The new probate fees are a stealth tax, and could be a slippery slope leading to tax hikes for the wealthy, writes James Ward
The government’s recent announcement of substantial increases in the fee to obtain the grant needed to take control of a deceased’s estate have been dubbed ‘a new death tax’ by the tabloids. And rightly so.
To my mind, the new fees, payable to the probate registry and due to take effect in April 2019, is a stealth tax aimed at the wealthier estates. Its aim is to raise £145 million to pay for court reforms and means that, in future, an estate worth over £2 million will be paying £6,000. The levy will be applied on a sliding scale down to estates worth £50,000 and estates worth less that that will be exempt. The new tariff represents a dramatic increase on the current fees, which peak at £215 for a personal application, to secure the necessary documentation.
While the new fees are far less than the £20,000 fee for estates over £2 million that was put forward a few years ago, they are still punitive. They open a dangerous precedent for disproportionate court fees given the limited work actually required to issue a grant. Furthermore, this change will leave many estates struggling to pay the fee up-front when assets are tied up in frozen bank accounts or property, and banks will need to allow access to accounts to pay this. However, perhaps the most worrying possible fallout is that this ‘tax’ may push people away from using wills.
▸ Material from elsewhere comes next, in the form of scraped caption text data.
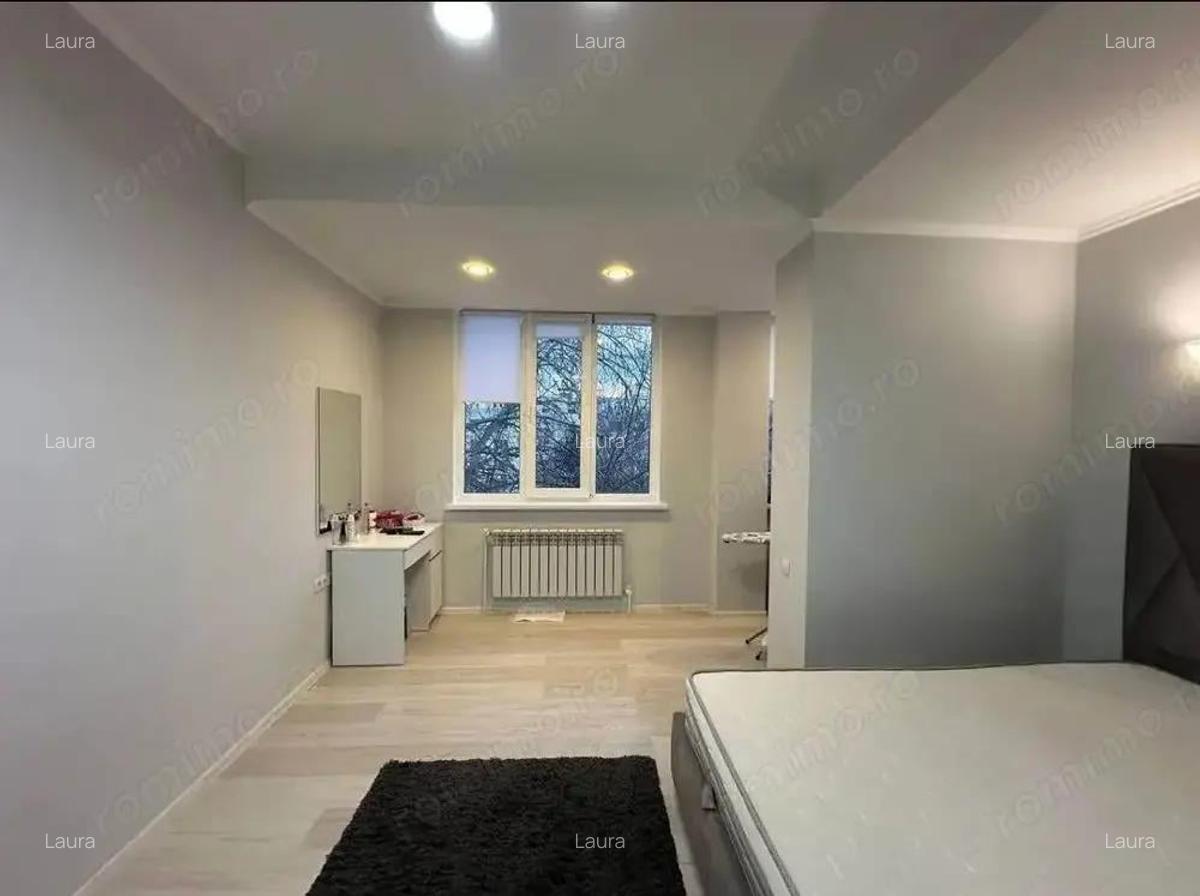 Se ofera spre vanzare apartament de 2 camere in zona Alexandru Obregia - 2
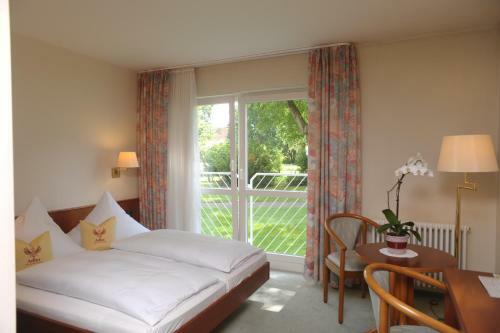 Hostal Hotel Gasthaus Adler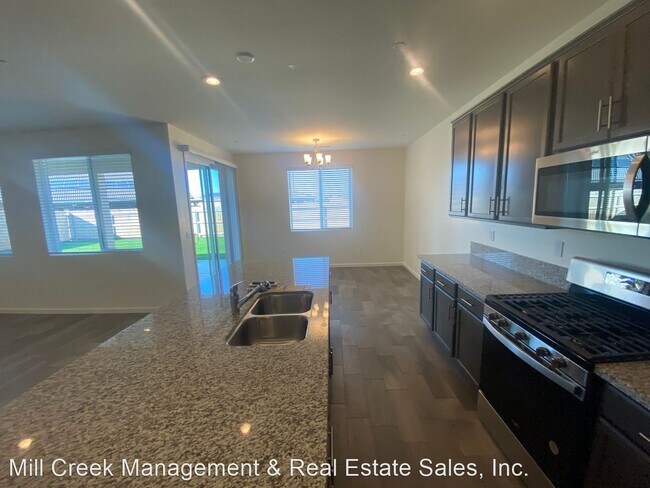 Foto del edificio - 4 br, 2.5 bath House - 3455 N. Lennox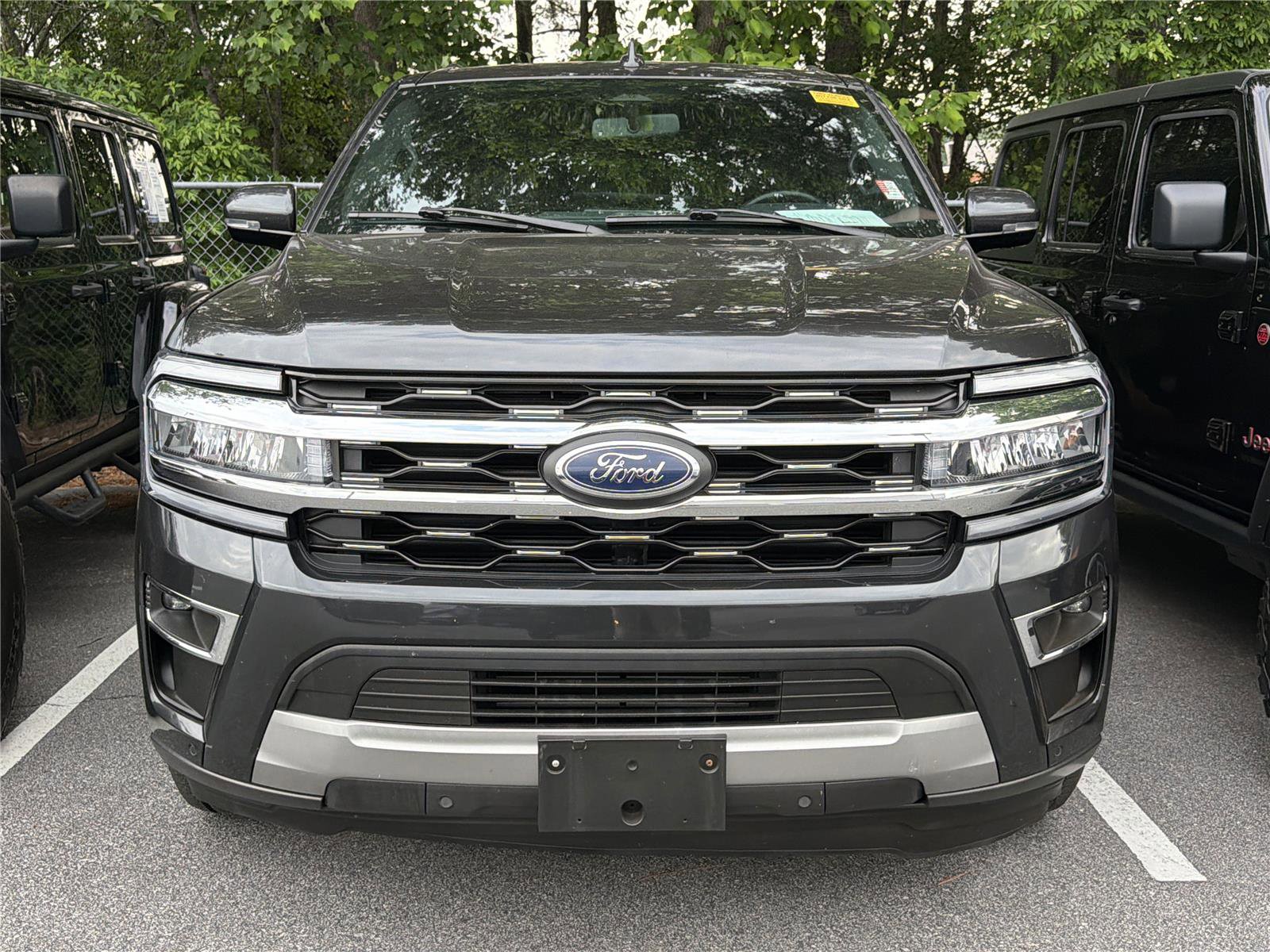 Used 2023 Ford Expedition Limited RWD image 2
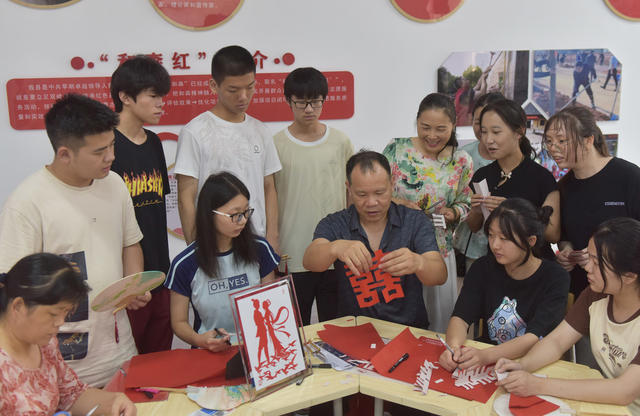 志愿服务  七夕  文艺  新时代文明实践中心  书画  剪纸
In order to reduce their estates before death, individuals may turn to gifting during their lifetime which could leave them financially vulnerable for the rest of their life or see assets passing through an unstructured legacy. For instance a death bed gift prompted by a wish to slip into a lower band for probate fees may see money passing into the wrong hands with limited recourse and be contrary to the wishes in the will.
Others may attempt to mitigate the probate fee by using the survivorship rules of joint property and joint bank accounts. The survivorship rules see jointly owned property automatically pass on death rather than via a will, which means the value is not included in the value of the estate at the grant application stage and therefore not included in the calculation for the probate fee. This can be very effective in some cases, such as on first death of a simple estate of a husband and wife. However, automatic inheritance can also lead to inequality between children and a misunderstanding as to who gets what.
I would not disagree with those who have called the new fees a new tax. The richer you are at death, the more you pay, and for HNWs this is on an estate already subject to 40% inheritance tax.
And now that the precedent has been set, I wouldn’t be surprised if this tax was used by future chancellors to squeeze the wealthy even further.